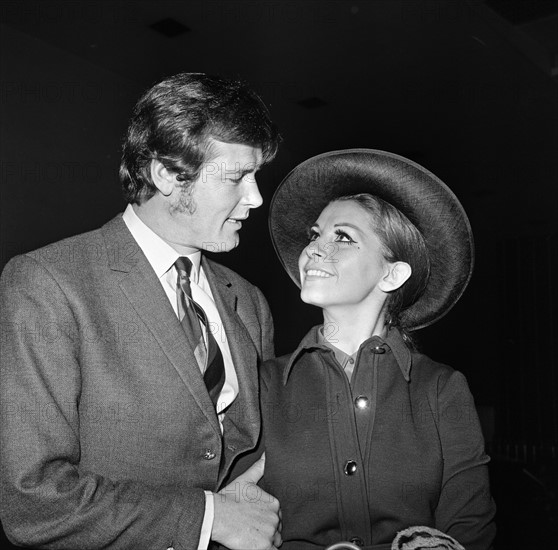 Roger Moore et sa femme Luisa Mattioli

==

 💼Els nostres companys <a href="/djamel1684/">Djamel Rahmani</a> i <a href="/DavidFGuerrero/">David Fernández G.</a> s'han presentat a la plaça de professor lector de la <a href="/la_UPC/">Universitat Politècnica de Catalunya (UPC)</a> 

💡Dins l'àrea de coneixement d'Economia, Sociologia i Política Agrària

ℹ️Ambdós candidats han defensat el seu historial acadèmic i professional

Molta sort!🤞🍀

Task prompt
Produce only the lines from the line containing "ℹ️Ambdós candidats han" through the line containing "Molta sort!🤞🍀", inclusive of both, exactly as they stand in the entries above.

Result
ℹ️Ambdós candidats han defensat el seu historial acadèmic i professional

Molta sort!🤞🍀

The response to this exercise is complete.